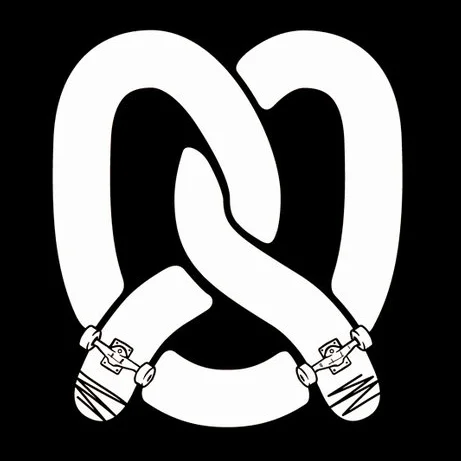 Pretzel_Print_1.jpg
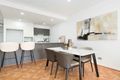 Property photo of 406/4 Broughton Street Canterbury NSW 2193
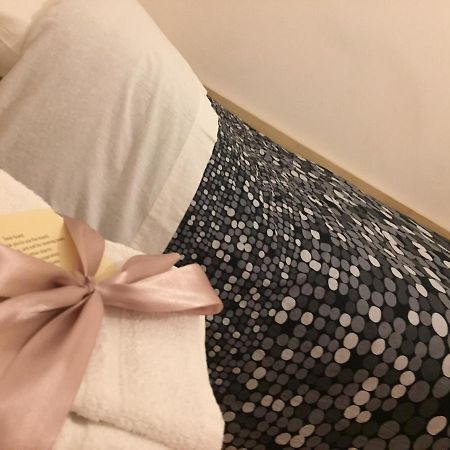 Appartamento Giada Giavera del Montello Zewnętrze zdjęcie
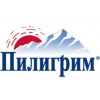 Пилигрим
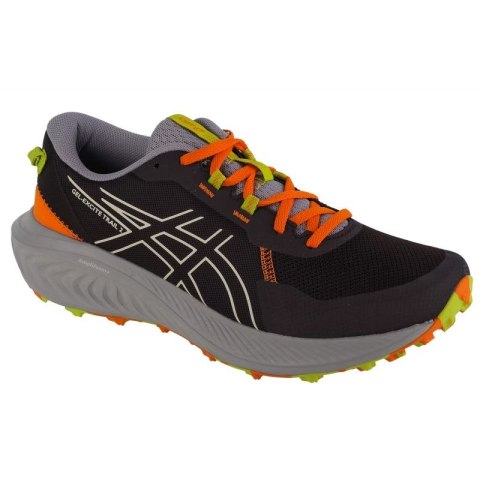 Buty Asics Gel-Excite Trail 2 M 1011B594-200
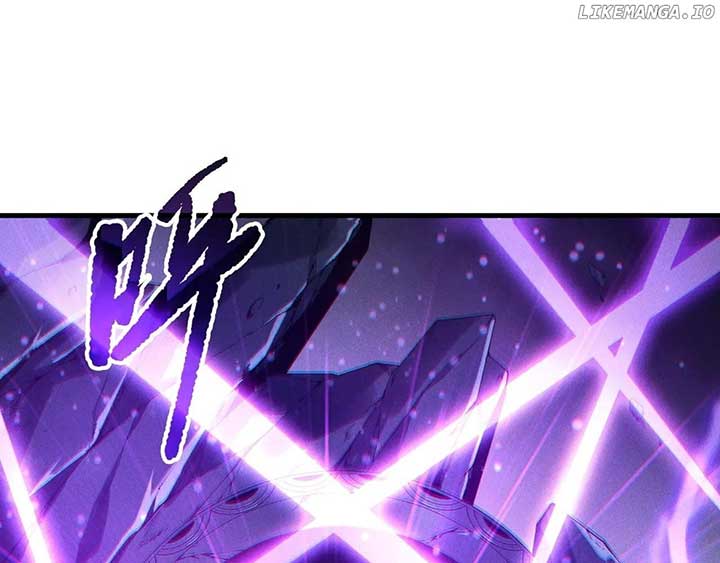 Disastrous Necromancer Chapter 197 73
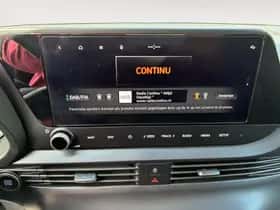 Hyundai Bayon (2025) thumbnail 21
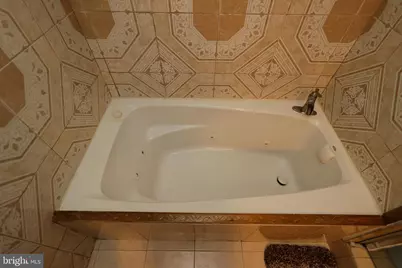 307 Edwards, Chesilhurst, NJ 08089 - Photo 25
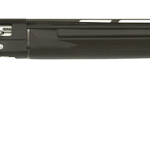 Mossberg Sa-20 All Purpose Field  28 Barrel 5 Rounds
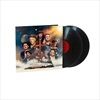 KOMPASS-ZUR-SONNE-LP-NACHFOLGEVERSION-4575-Vinyl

Work to complete
Starting with the line that holds "Mossberg Sa-20 All", transcribe exactly each line through the last one of the material above, and nothing else. Do not include pictures.

Answer to the exercise
 Mossberg Sa-20 All Purpose Field  28 Barrel 5 Rounds
 KOMPASS-ZUR-SONNE-LP-NACHFOLGEVERSION-4575-Vinyl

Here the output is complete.